Member of the California State Assembly from the 13th district
- In office January 3, 1881 – January 8, 1883
- Preceded by: Multi-member district
- Succeeded by: Multi-member district

Personal details
- Born: August 1845 New York City, U.S.
- Died: January 7, 1915 (aged 69) San Francisco, California, U.S.
- Party: Workingmen's (1877–1881) Democratic (1881–1901) Union Labor (1901–1908)
- Spouse: May
- Children: 8
- Occupation: Drayman, dockworker, politician

Military service
- Allegiance: United States
- Branch/service: United States Army
- Years of service: c. 1861–1865
- Battles/wars: Civil War

= Horace J. Jackson =

American politician (1845–1915)

Horace J. Jackson (August 1845 - January 7, 1915) was an American drayman, dockworker and politician who served in the California State Assembly from 1881 to 1883. A founding member of the Workingmen's Party of California, he was elected in 1880 on a Workingmen's-Democratic Fusion ticket. He was later active in Democratic and Union Labor Party politics.

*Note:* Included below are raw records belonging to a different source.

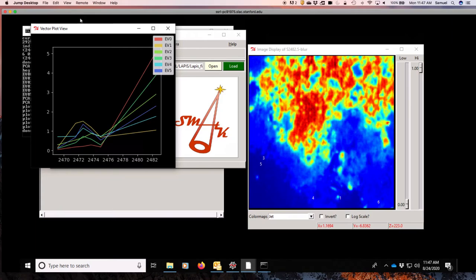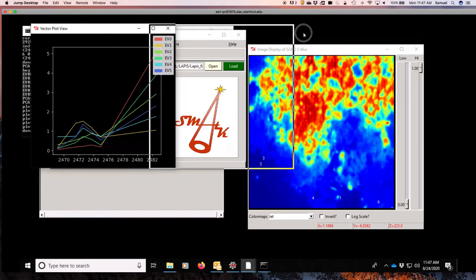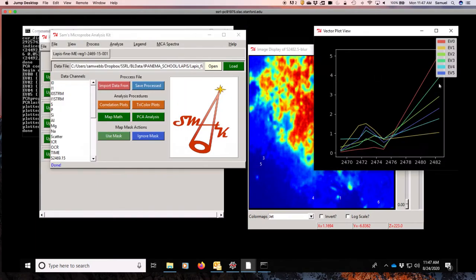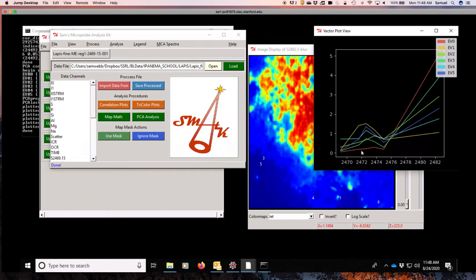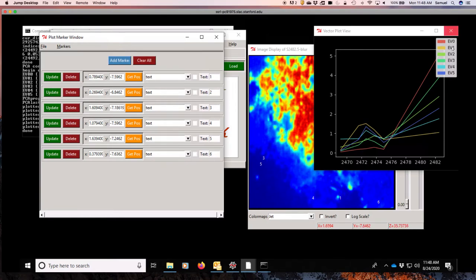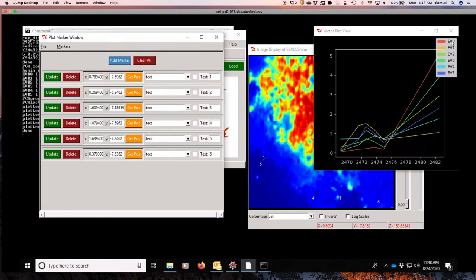Whenever we do any of these PCA-type methods, it always pops up a box with the actual component vectors there. If you notice, compared to maybe a PCA method, that these actually look like real spectra, and that's because they actually are real spectra. They are actually coming from the specimen itself. Because these come from real spectra, we also have now automatically populated the plot marker window with the location of these spectra. Unfortunately, here it's labeled 0 through 5, and it's 1 through 6 here. So, that very first eigenvector 0 is this one here, which is located right there.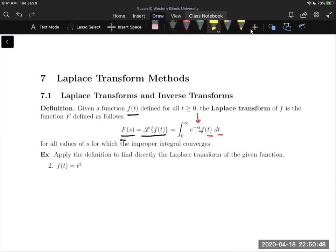One thing that seems minor but is really important to emphasize is this last clause: 'for all values of s for which the improper integral converges.' It's really easy to forget about this — you must give a restriction on s when computing. We'll see that in action in the next example.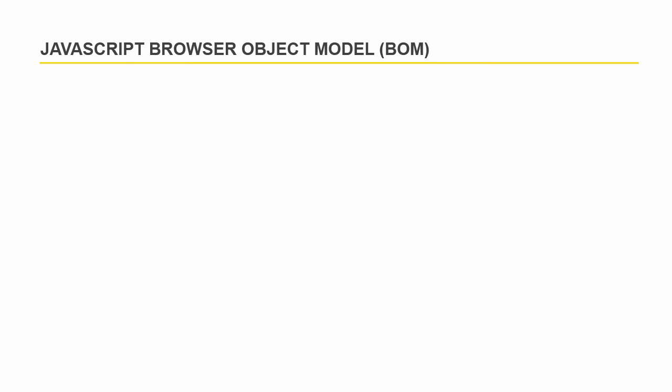Every web page resides inside a browser window which can be considered as an object. At the very top of this browser hierarchy is the window object.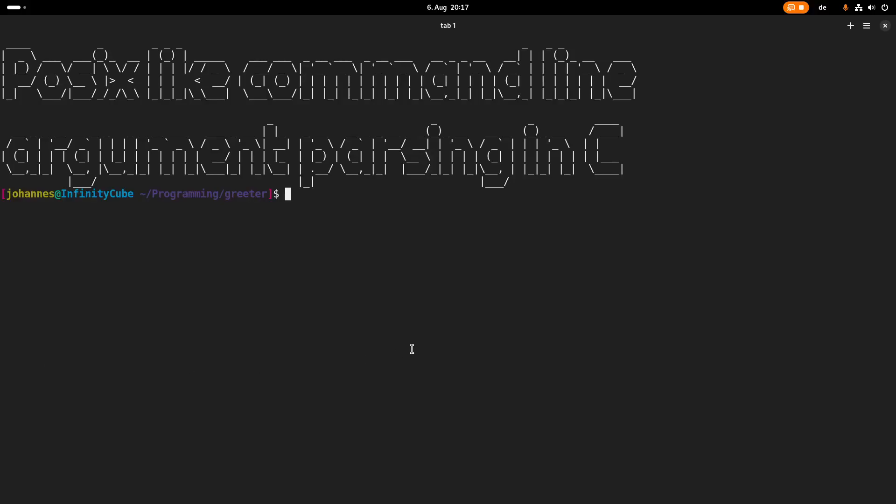Hi. Today I want to show you how to use getopt. So getopt is a way to parse command line options and arguments. You can use getopt in C or in a bash script. I will focus on C in today's video.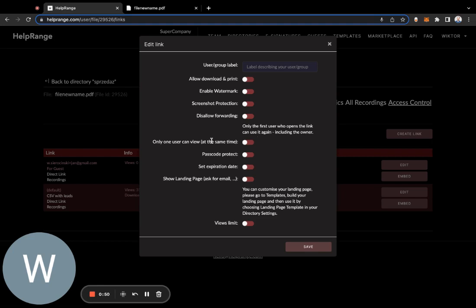Only one user can view at the same time your documents. You can add passcode protection, expiration date, view limits. So basically a lot of options so that people will not be able to share your documents.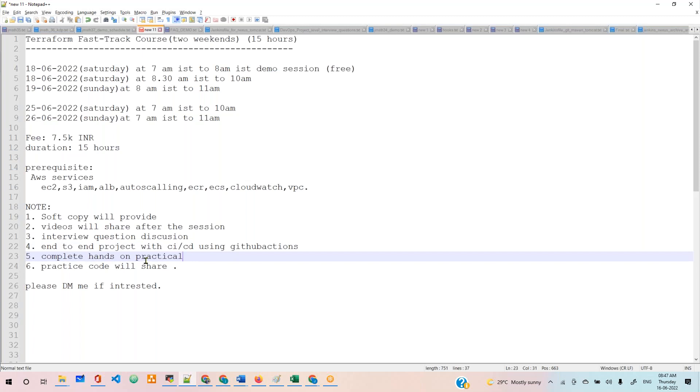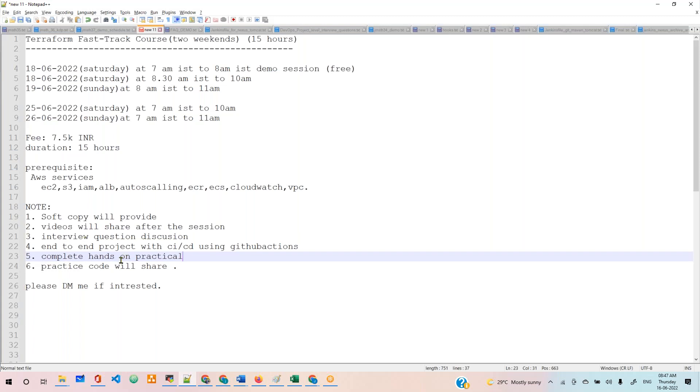We'll cover many things in Terraform: Terraform modules, Terraform workspaces, Terraform functions, large infrastructure management, Terraform security, and Terraform Cloud. We are provisioning EC2, S3, VPC, load balancer, auto scaling - many projects we'll do with Terraform. We'll share the code also, whatever we practice in the session.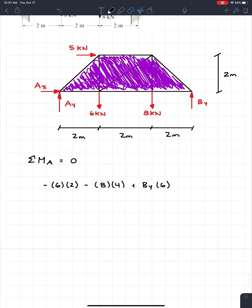Here's another thing a lot of students forget about trusses: the lateral loads. Typically lateral loads on a beam pass through where you're taking the moment, so you don't think about them. But this truss has a 5 kilonewton lateral load at the top, which creates a moment because it's at a distance of 2 meters from the pin. So we add 5 times 2 to the equation. If I hold my pencil at A and press to the right, the pencil rotates clockwise — so this is a negative moment.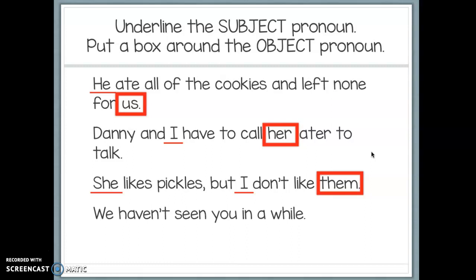Next example: 'We haven't seen you in a while.' Step one — spot your pronouns. 'We' is the doer of the action, so 'we' is our subject pronoun. Notice how subject pronouns often come at the beginning of the sentence or phrase. 'You' comes after the verb 'seen,' so 'you' has to be our object pronoun.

Jackson served in the Union Army under General George McClellan during the Civil War. He was a member of the Riggers' and Stevedores' Union and spoke in favor of the Union Labor Party shortly after its foundation. As the San Francisco Examiner wrote:

Horace Jackson of the Longshoremen's Union said the laboring man was always looking for someone in the so-called educated classes to be his master. There is no need, he said, to do so. The wageworker is intelligent enough to manage his own affairs, political or otherwise.